» **Data section**
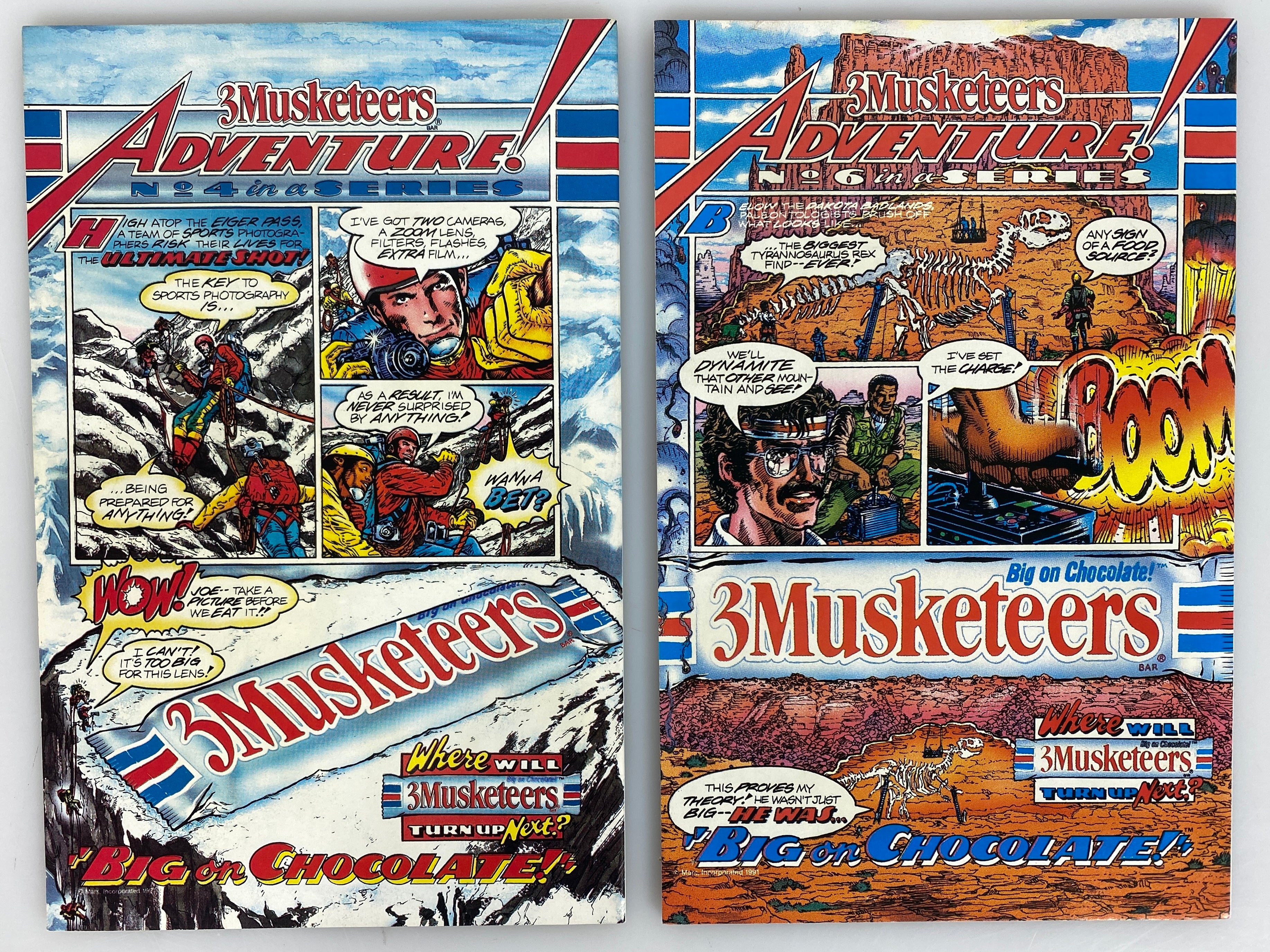 Armageddon 2001 Special 1-2 1991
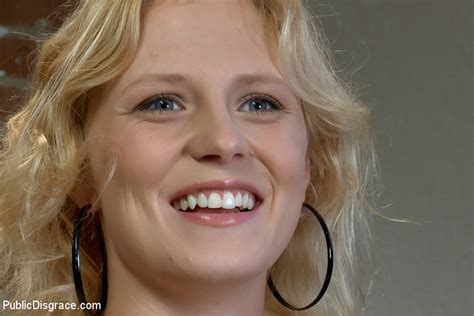 Hot Blonde With Big Natural Tits Gets Publicly Fucked And Punished In A Bar Porn Pictures Xxx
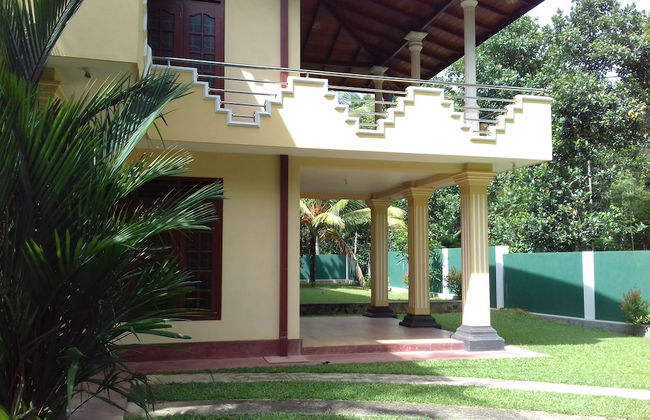 Vinses Villa in Hikkaduwa - Foto 55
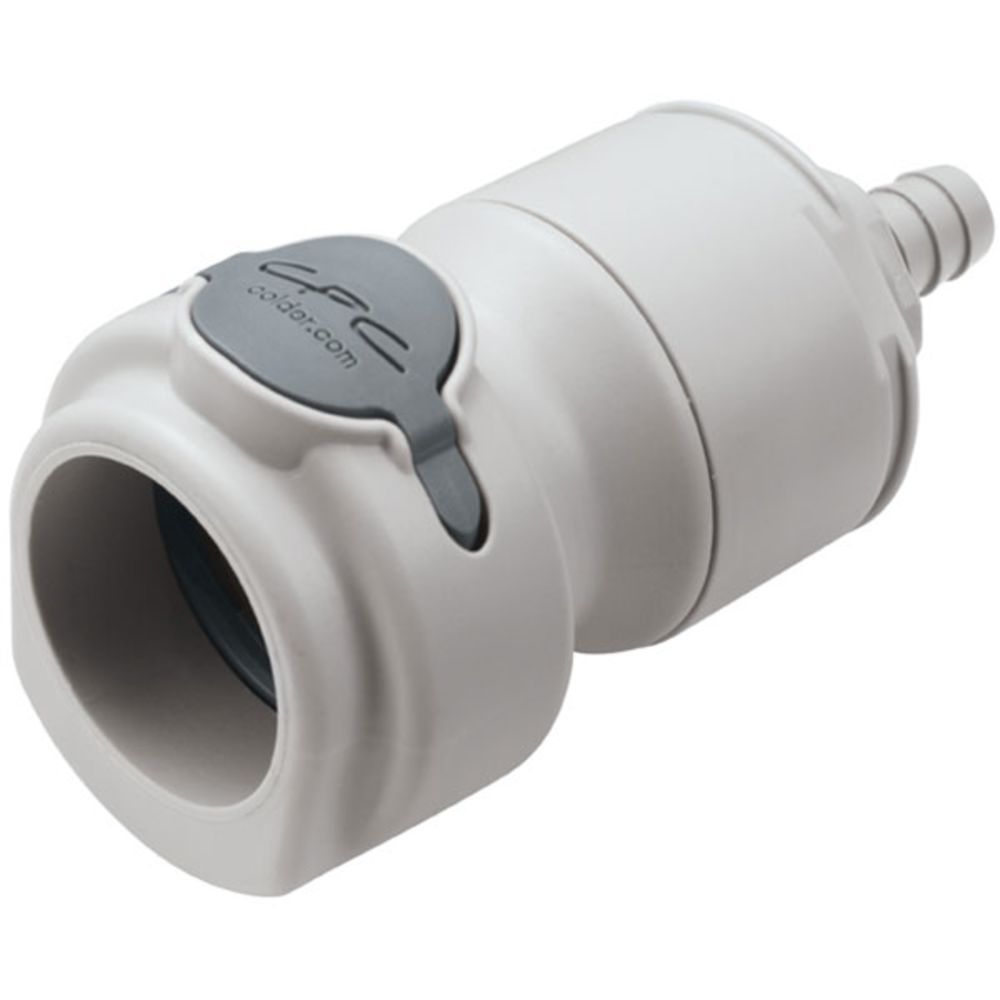 NSHD17010 Valved In-Line Coupling Body 5/8 ID,New Products : American Fashion Style Bags On Sale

» **Activity**
Everything from the line containing "Hot Blonde With" through the last line of the listing above must be output exactly, except the pictures.

» **Written solution**
 Hot Blonde With Big Natural Tits Gets Publicly Fucked And Punished In A Bar Porn Pictures Xxx
 Vinses Villa in Hikkaduwa - Foto 55
 NSHD17010 Valved In-Line Coupling Body 5/8 ID,New Products : American Fashion Style Bags On Sale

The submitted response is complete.